Return every record exactly as written.

» Entries provided
______________________________

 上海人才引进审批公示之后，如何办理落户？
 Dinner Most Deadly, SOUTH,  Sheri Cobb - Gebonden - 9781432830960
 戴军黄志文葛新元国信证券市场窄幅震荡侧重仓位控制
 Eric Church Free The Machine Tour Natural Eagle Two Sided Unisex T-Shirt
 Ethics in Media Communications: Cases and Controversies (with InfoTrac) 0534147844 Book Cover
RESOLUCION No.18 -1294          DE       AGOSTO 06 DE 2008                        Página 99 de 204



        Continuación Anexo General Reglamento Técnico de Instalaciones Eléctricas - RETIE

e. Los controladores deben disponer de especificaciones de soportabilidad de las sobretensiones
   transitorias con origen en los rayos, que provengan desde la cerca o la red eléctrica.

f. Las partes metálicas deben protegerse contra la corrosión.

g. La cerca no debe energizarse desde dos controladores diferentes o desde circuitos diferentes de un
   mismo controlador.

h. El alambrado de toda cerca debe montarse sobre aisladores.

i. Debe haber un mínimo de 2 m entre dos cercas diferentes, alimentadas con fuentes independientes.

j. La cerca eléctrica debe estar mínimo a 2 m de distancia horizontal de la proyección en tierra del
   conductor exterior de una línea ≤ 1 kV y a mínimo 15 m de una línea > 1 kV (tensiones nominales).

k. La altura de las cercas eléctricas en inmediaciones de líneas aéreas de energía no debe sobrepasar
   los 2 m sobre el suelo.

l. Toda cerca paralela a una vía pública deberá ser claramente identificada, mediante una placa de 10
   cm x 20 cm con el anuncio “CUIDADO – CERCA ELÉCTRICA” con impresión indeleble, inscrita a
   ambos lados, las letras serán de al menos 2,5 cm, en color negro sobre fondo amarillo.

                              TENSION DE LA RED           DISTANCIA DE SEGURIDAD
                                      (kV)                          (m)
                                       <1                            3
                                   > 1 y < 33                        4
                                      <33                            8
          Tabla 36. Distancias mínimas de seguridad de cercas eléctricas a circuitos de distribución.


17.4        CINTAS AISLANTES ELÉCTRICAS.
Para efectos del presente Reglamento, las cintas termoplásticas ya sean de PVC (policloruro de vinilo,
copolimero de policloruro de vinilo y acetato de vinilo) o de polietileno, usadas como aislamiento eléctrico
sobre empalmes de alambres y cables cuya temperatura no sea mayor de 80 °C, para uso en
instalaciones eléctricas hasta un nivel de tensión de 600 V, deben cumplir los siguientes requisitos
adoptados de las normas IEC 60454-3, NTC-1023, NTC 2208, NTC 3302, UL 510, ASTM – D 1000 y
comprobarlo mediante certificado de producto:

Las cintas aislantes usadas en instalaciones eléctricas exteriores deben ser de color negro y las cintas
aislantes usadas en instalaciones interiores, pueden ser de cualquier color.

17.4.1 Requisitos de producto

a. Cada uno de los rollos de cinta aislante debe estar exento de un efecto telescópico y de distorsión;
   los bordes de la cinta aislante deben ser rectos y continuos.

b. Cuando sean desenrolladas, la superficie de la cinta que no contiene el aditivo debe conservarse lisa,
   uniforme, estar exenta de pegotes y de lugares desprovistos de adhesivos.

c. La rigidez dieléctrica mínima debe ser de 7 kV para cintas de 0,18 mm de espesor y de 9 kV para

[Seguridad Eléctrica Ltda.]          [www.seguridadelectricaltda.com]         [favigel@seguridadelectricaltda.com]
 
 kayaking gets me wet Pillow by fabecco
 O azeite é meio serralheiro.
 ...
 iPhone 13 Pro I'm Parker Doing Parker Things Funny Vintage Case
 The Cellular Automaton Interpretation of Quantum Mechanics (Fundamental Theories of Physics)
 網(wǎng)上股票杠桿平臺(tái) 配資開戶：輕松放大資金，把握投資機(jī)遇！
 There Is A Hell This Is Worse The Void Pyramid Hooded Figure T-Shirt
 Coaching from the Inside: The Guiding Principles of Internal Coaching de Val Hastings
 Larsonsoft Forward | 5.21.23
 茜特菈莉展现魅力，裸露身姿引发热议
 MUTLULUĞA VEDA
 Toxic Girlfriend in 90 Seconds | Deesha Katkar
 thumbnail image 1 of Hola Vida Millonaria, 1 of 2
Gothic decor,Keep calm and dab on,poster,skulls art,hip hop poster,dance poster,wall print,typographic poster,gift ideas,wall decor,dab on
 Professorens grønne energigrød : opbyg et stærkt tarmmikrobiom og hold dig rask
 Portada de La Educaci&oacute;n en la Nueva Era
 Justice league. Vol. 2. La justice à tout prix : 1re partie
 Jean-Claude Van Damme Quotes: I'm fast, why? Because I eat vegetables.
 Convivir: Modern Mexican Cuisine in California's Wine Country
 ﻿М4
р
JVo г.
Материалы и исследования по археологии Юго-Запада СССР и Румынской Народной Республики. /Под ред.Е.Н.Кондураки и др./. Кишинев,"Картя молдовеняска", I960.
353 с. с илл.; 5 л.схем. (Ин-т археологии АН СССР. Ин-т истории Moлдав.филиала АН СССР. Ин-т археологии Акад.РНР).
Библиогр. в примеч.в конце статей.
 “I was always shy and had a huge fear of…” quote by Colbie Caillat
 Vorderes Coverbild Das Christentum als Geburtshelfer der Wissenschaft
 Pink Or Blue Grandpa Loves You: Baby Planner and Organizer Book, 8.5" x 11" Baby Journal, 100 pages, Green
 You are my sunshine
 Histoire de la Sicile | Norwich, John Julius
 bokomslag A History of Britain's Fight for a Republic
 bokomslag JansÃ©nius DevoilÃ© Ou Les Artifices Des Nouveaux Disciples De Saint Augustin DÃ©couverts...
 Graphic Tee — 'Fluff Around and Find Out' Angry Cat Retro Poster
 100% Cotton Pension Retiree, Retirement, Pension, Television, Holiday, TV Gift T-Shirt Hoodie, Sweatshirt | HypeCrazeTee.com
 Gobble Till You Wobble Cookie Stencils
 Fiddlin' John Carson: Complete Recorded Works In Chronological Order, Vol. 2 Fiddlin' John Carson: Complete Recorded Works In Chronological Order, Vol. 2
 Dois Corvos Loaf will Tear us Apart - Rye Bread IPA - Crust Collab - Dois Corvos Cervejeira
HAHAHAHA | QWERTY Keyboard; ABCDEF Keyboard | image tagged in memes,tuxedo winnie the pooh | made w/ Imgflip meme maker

______________________________

» Response to this exercise
 上海人才引进审批公示之后，如何办理落户？
 Dinner Most Deadly, SOUTH,  Sheri Cobb - Gebonden - 9781432830960
 戴军黄志文葛新元国信证券市场窄幅震荡侧重仓位控制
 Eric Church Free The Machine Tour Natural Eagle Two Sided Unisex T-Shirt
 Ethics in Media Communications: Cases and Controversies (with InfoTrac) 0534147844 Book Cover
RESOLUCION No.18 -1294          DE       AGOSTO 06 DE 2008                        Página 99 de 204



        Continuación Anexo General Reglamento Técnico de Instalaciones Eléctricas - RETIE

e. Los controladores deben disponer de especificaciones de soportabilidad de las sobretensiones
   transitorias con origen en los rayos, que provengan desde la cerca o la red eléctrica.

f. Las partes metálicas deben protegerse contra la corrosión.

g. La cerca no debe energizarse desde dos controladores diferentes o desde circuitos diferentes de un
   mismo controlador.

h. El alambrado de toda cerca debe montarse sobre aisladores.

i. Debe haber un mínimo de 2 m entre dos cercas diferentes, alimentadas con fuentes independientes.

j. La cerca eléctrica debe estar mínimo a 2 m de distancia horizontal de la proyección en tierra del
   conductor exterior de una línea ≤ 1 kV y a mínimo 15 m de una línea > 1 kV (tensiones nominales).

k. La altura de las cercas eléctricas en inmediaciones de líneas aéreas de energía no debe sobrepasar
   los 2 m sobre el suelo.

l. Toda cerca paralela a una vía pública deberá ser claramente identificada, mediante una placa de 10
   cm x 20 cm con el anuncio “CUIDADO – CERCA ELÉCTRICA” con impresión indeleble, inscrita a
   ambos lados, las letras serán de al menos 2,5 cm, en color negro sobre fondo amarillo.

                              TENSION DE LA RED           DISTANCIA DE SEGURIDAD
                                      (kV)                          (m)
                                       <1                            3
                                   > 1 y < 33                        4
                                      <33                            8
          Tabla 36. Distancias mínimas de seguridad de cercas eléctricas a circuitos de distribución.


17.4        CINTAS AISLANTES ELÉCTRICAS.
Para efectos del presente Reglamento, las cintas termoplásticas ya sean de PVC (policloruro de vinilo,
copolimero de policloruro de vinilo y acetato de vinilo) o de polietileno, usadas como aislamiento eléctrico
sobre empalmes de alambres y cables cuya temperatura no sea mayor de 80 °C, para uso en
instalaciones eléctricas hasta un nivel de tensión de 600 V, deben cumplir los siguientes requisitos
adoptados de las normas IEC 60454-3, NTC-1023, NTC 2208, NTC 3302, UL 510, ASTM – D 1000 y
comprobarlo mediante certificado de producto:

Las cintas aislantes usadas en instalaciones eléctricas exteriores deben ser de color negro y las cintas
aislantes usadas en instalaciones interiores, pueden ser de cualquier color.

17.4.1 Requisitos de producto

a. Cada uno de los rollos de cinta aislante debe estar exento de un efecto telescópico y de distorsión;
   los bordes de la cinta aislante deben ser rectos y continuos.

b. Cuando sean desenrolladas, la superficie de la cinta que no contiene el aditivo debe conservarse lisa,
   uniforme, estar exenta de pegotes y de lugares desprovistos de adhesivos.

c. La rigidez dieléctrica mínima debe ser de 7 kV para cintas de 0,18 mm de espesor y de 9 kV para

[Seguridad Eléctrica Ltda.]          [www.seguridadelectricaltda.com]         [favigel@seguridadelectricaltda.com]
 
 kayaking gets me wet Pillow by fabecco
 O azeite é meio serralheiro.
 ...
 iPhone 13 Pro I'm Parker Doing Parker Things Funny Vintage Case
 The Cellular Automaton Interpretation of Quantum Mechanics (Fundamental Theories of Physics)
 網(wǎng)上股票杠桿平臺(tái) 配資開戶：輕松放大資金，把握投資機(jī)遇！
 There Is A Hell This Is Worse The Void Pyramid Hooded Figure T-Shirt
 Coaching from the Inside: The Guiding Principles of Internal Coaching de Val Hastings
 Larsonsoft Forward | 5.21.23
 茜特菈莉展现魅力，裸露身姿引发热议
 MUTLULUĞA VEDA
 Toxic Girlfriend in 90 Seconds | Deesha Katkar
 thumbnail image 1 of Hola Vida Millonaria, 1 of 2
Gothic decor,Keep calm and dab on,poster,skulls art,hip hop poster,dance poster,wall print,typographic poster,gift ideas,wall decor,dab on
 Professorens grønne energigrød : opbyg et stærkt tarmmikrobiom og hold dig rask
 Portada de La Educaci&oacute;n en la Nueva Era
 Justice league. Vol. 2. La justice à tout prix : 1re partie
 Jean-Claude Van Damme Quotes: I'm fast, why? Because I eat vegetables.
 Convivir: Modern Mexican Cuisine in California's Wine Country
 ﻿М4
р
JVo г.
Материалы и исследования по археологии Юго-Запада СССР и Румынской Народной Республики. /Под ред.Е.Н.Кондураки и др./. Кишинев,"Картя молдовеняска", I960.
353 с. с илл.; 5 л.схем. (Ин-т археологии АН СССР. Ин-т истории Moлдав.филиала АН СССР. Ин-т археологии Акад.РНР).
Библиогр. в примеч.в конце статей.
 “I was always shy and had a huge fear of…” quote by Colbie Caillat
 Vorderes Coverbild Das Christentum als Geburtshelfer der Wissenschaft
 Pink Or Blue Grandpa Loves You: Baby Planner and Organizer Book, 8.5" x 11" Baby Journal, 100 pages, Green
 You are my sunshine
 Histoire de la Sicile | Norwich, John Julius
 bokomslag A History of Britain's Fight for a Republic
 bokomslag JansÃ©nius DevoilÃ© Ou Les Artifices Des Nouveaux Disciples De Saint Augustin DÃ©couverts...
 Graphic Tee — 'Fluff Around and Find Out' Angry Cat Retro Poster
 100% Cotton Pension Retiree, Retirement, Pension, Television, Holiday, TV Gift T-Shirt Hoodie, Sweatshirt | HypeCrazeTee.com
 Gobble Till You Wobble Cookie Stencils
 Fiddlin' John Carson: Complete Recorded Works In Chronological Order, Vol. 2 Fiddlin' John Carson: Complete Recorded Works In Chronological Order, Vol. 2
 Dois Corvos Loaf will Tear us Apart - Rye Bread IPA - Crust Collab - Dois Corvos Cervejeira
HAHAHAHA | QWERTY Keyboard; ABCDEF Keyboard | image tagged in memes,tuxedo winnie the pooh | made w/ Imgflip meme maker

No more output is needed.